Smith accepted the SCHF job in April 1999, shelving the doctoral dissertation he had been trying to complete at Ole Miss since 1995. At the time, he became the fledgling organization’s third director.
It was a transitional time for the group since city funds were being weaned from the humanities center, located in the city-owned former St. Francis convent and school complex. To sustain the organization, Smith beefed up a membership program, intensified programming to include monthly lectures and created a Southern book club, focusing on subjects that he said have intrigued him since he was growing up as the son of a Methodist preacher in Arkansas. SCHF members now number 400 and pay dues annually ranging from $25 to $1,000.
Before being bought by the city in 1994, the city block of buildings at Cherry, Clay, Crawford and Adams streets belonged to the Sisters of Mercy, a Catholic religious order, for 124 years. St. Francis Xavier Academy held classes there until 1991.
Initially, taxpayers funded the $1 million purchase price for the complex, and the city provided money for salaries, utilities and some programming. During the past four years however, the Mayor and Aldermen eliminated all funding except payments on the purchase price. The non-profit foundation has a management agreement for the facilities.
Smith’s tenure has featured an array of activities that highlight the diversity of the South, Vicksburg and the lower Mississippi Delta. Recent programs have included a blues concert, a lecture on Mardi Gras in rural Louisiana and a book club discussion of “Black Boy,” one of Roxie native Richard Wright’s most famous works.
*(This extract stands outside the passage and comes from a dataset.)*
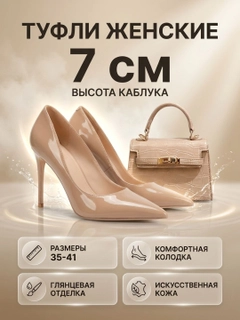 Бежевый
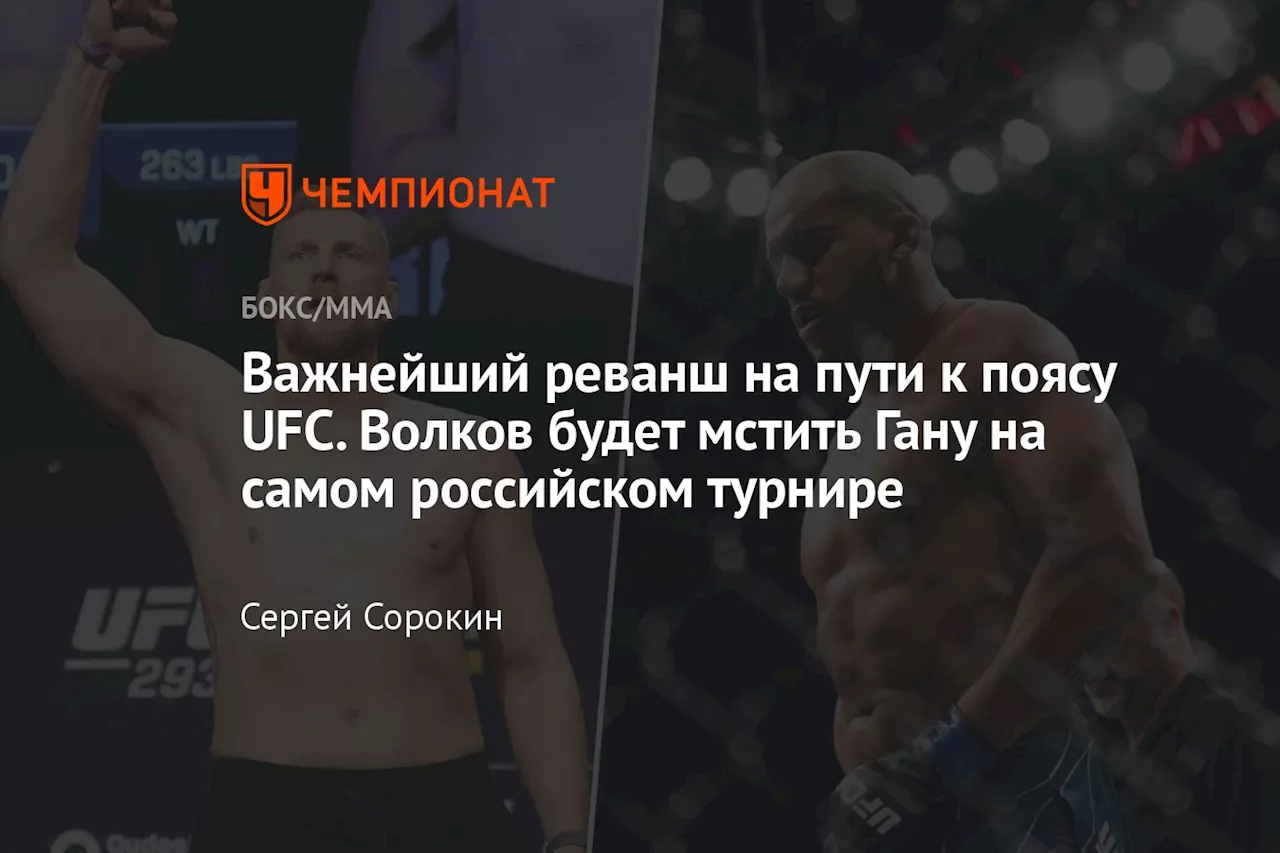 Важнейший реванш на пути к поясу UFC. Волков будет мстить Гану на самом российском турнире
“They have something for just about everyone in Vicksburg and Warren County,” said Gordon Cotton, curator of the Old Court House Museum and Smith’s morning walking partner. “I can’t say enough good things about what Ted has done.”
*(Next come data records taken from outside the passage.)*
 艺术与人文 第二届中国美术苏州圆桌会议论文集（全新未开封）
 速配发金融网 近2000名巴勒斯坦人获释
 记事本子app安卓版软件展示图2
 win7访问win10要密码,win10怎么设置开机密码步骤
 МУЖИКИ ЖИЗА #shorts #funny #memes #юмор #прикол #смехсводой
Crediting SCHF programs director Stacie Botsay for coordinating the public events, Smith said they have helped establish the foundation as a vital part of Vicksburg’s cultural life.
“We have shown an identity in the community,” he said.
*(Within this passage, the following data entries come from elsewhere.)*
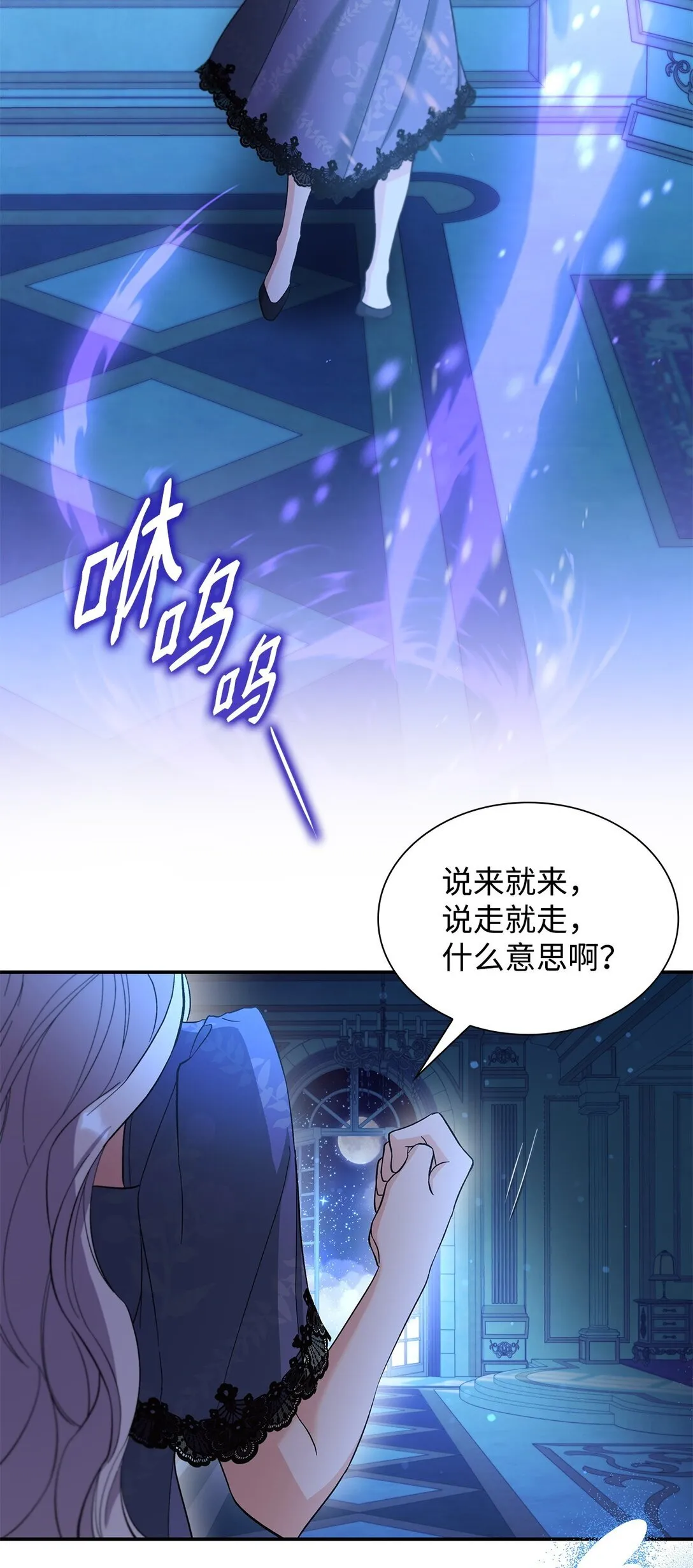 58 奇怪的幻觉 第71页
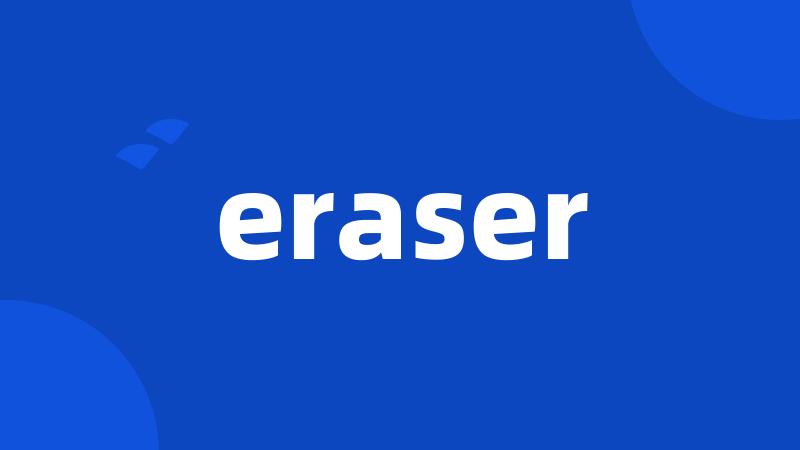 eraser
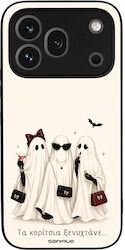Sonique Cozy Season Series Ehre 600 Pro 5g Mädc...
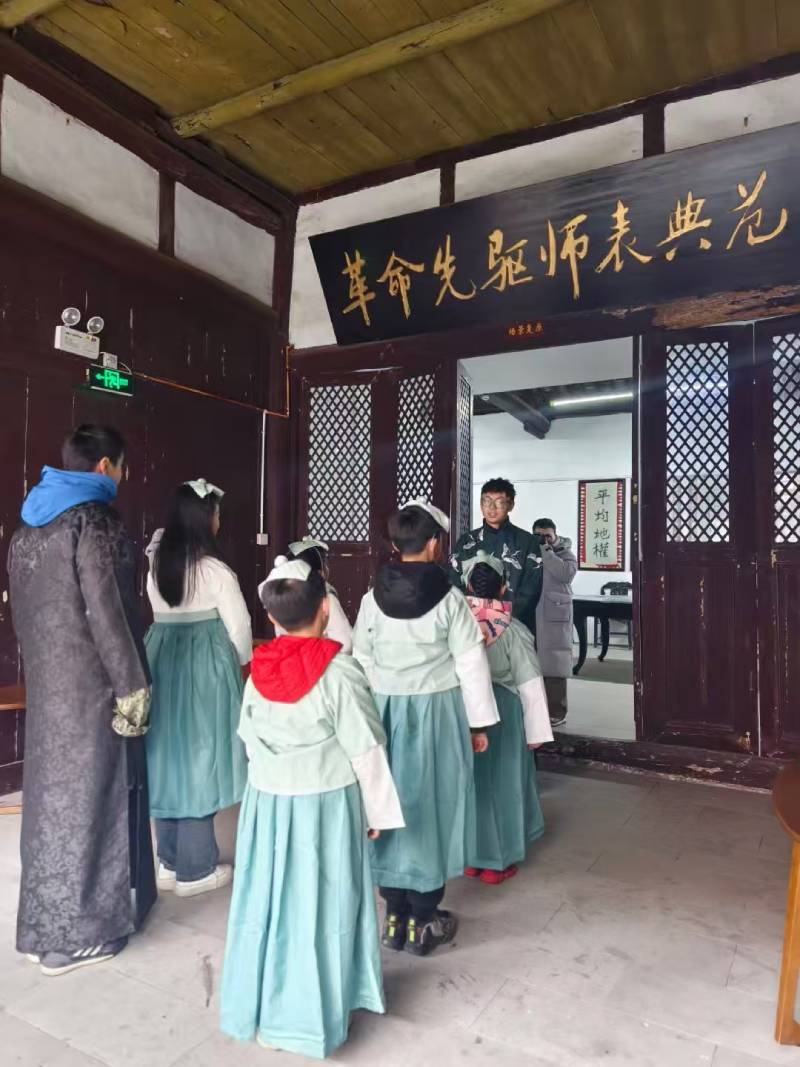 东胜区景区文学经典改编剧本游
Smith said his experience in administering fund-raising drives for the SCHF helped convince him to take his new Ole Miss job. Starting in July, he will be an advancement associate at the University of Mississippi Foundation, raising money for the school’s scholarship endowment. Also, he plans to finish work on his dissertation, a social and cultural study of the antebellum Arkansas Ozarks. Smith said he also considered his wife, M.K., in deciding to move back to Oxford she’s an independent video producer, he said, and Ole Miss is her main client.
Bettye Sue Kline, a member of the SCHF board, said Smith’s decision to resign takes away one of the foundation’s biggest assets.
“He’s been a real pillar of strength,” Kline said. “He’s very gentlemanly and good with the public.”
Carol Eaton, another board member, said the foundation will be advertising for a new executive director in the coming weeks. But Eaton said Smith has qualities that cannot be replaced.
“He’s brought in all the exciting new programs,” Eaton said. “Ted always has had such great enthusiasm.”